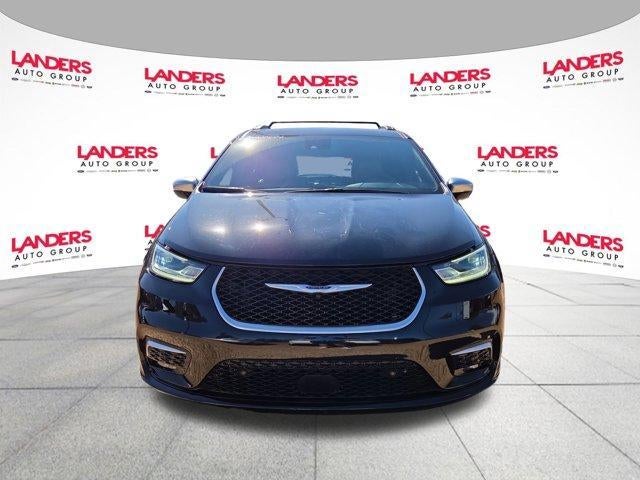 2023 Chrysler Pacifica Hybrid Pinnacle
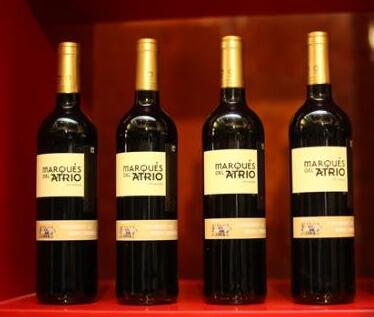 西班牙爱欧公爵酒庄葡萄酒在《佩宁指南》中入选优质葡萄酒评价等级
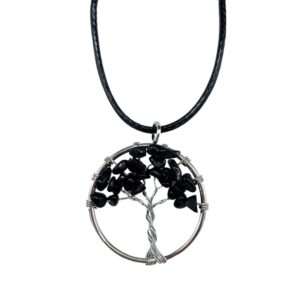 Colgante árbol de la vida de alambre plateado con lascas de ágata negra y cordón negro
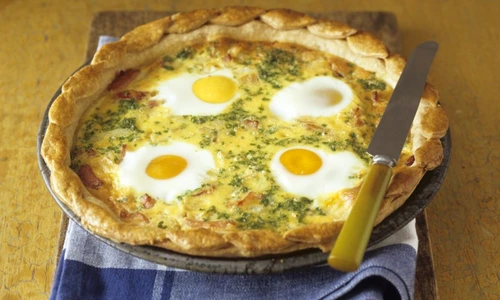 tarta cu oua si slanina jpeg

**Work required:** Each line from the one that holds "Colgante árbol de" through the final line of the data must be retyped exactly; the pictures must not appear.

**Written answer:**
 Colgante árbol de la vida de alambre plateado con lascas de ágata negra y cordón negro
 tarta cu oua si slanina jpeg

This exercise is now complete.